Along with 1TB 2.5" drives it should be less then 15W in power consumption, but personally, I would rather go for Atom D510/D525 for dual core/quad thread then only a single core/dual thread.


----------



## Zare (Jun 21, 2011)

> With VMs about the only thing you can't do AFAIK is 3D games.



Even that is changing - with ESXi's direct PCIx passthrough, you can use a full-featured 3D accelerator inside a guest machine, and use direct KVM or RDP/VNC for access. Regarding VirtualBox, it's 3D features are nowhere near the capacity of playing sophisticated games inside guests. However, it really comes handy on desktop - there's no 2D acceleration outside of Windows guests, only 3D. GNOME desktop inside guests is far more responsive with Compiz/Emerald than with normal Metacity, because the former can use VirtualBox's acceleration features.


----------



## carlton_draught (Jun 21, 2011)

Zare said:
			
		

> Even that is changing - with ESXi's direct PCIx passthrough, you can use a full-featured 3D accelerator inside a guest machine, and use direct KVM or RDP/VNC for access.


That's pretty cool. I hope VMware eventually comes to FreeBSD. Who knows, now that ZFS on FreeBSD has matured to a great extent, maybe more people see the logic for using FreeBSD as a host OS. I suspect that more people will, especially since VirtualBox works perfectly for a lot of situations except for 3d games. If that sort of user-base grows, VMware can be expected to come to FreeBSD.


----------



## _martin (Jun 22, 2011)

No question it depends on hardware. It's just maybe I have a different picture in mind when somebody says workstation ;-)
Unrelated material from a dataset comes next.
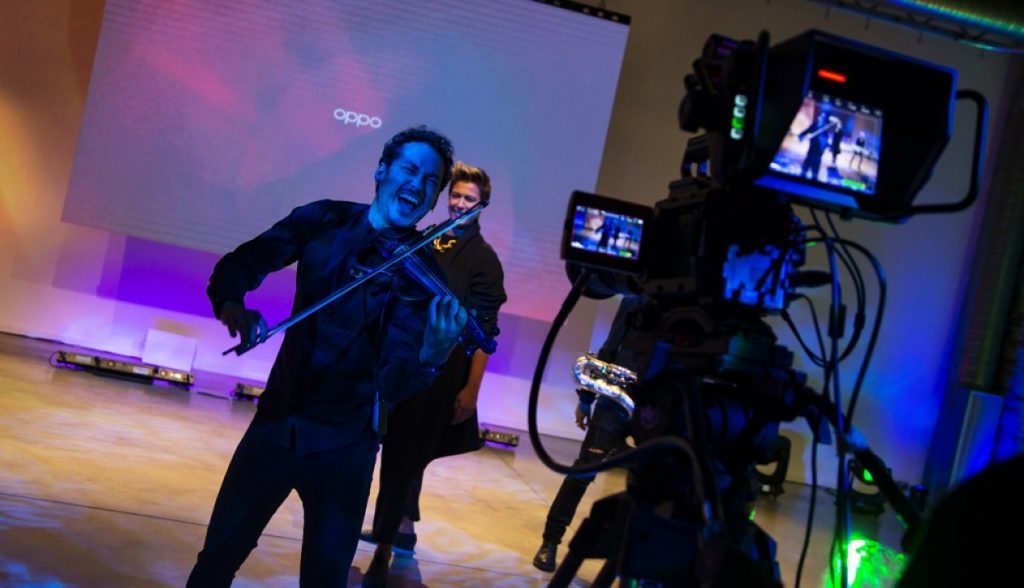 Staff Eventos diseña un evento 360º virtual para OPPO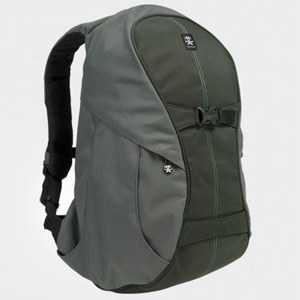 Crumpler The Karachi Outpost (L) Backpack, Gun Metal/Gy: Picture 1 regular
@vermaden: That's actually pretty nice. I was thinking building myself a home NAS on FreeBSD/ZFS. Mini-ITX with a passive power supply. 
How much RAM do you have in it? I was wondering about performance; specially when you have a lot of I/Os on it (== active LAN connection, several ftp pushs, torrents, etc.)


----------



## vermaden (Jun 22, 2011)

matoatlantis said:
			
		

> @vermaden: That's actually pretty nice. I was thinking building myself a home NAS on FreeBSD/ZFS. Mini-ITX with a passive power supply.
> How much RAM do you have in it? I was wondering about performance; specially when you have a lot of I/Os on it (== active LAN connection, several ftp pushs, torrents, etc.)



Currently ... 1GB.

I use transmission there along with samba and NFS, video/audio streaming across entire WiFi network works very well, I do not have any performance nor stability problems, but 1GB may be little too less for DEDUP at v28 in the latest STABLE, I also have to test its efficiency for my pool, which is currently 93% full.


----------



## _martin (Jun 23, 2011)

vermaden said:
			
		

> I do not have any performance nor stability problems



That's great. Reason why I'm asking is due to the problem I have on my server. I have an amd64 8.2-RELEASE with 6GB of RAM and two v15 zfs pools - one 160GB mirror and one 4TB raiz5 array. Everything works OK, but it's just impossible to get an uptime of this server more than 4 months. Describing the situation is not the point of this thread, but I was curious about the stability of the system you're using.


----------



## vermaden (Jun 24, 2011)

@matoatlantis

I am not able to achieve such uptime because of random power problems, it's just a home NAS, so no UPS there, and as usual, power is sometimes gone, currently it's 20 days up, but who knows when power will be gone.


----------



## monkeyboy (Jun 29, 2011)

With FreeBSD, I've had uptimes greater than 2 YEARS. Usually a power supply fan dies and needs to be replaced. Almost never is there an actual problem with FreeBSD that necessitates a reboot.I'm not using ZFS though.


----------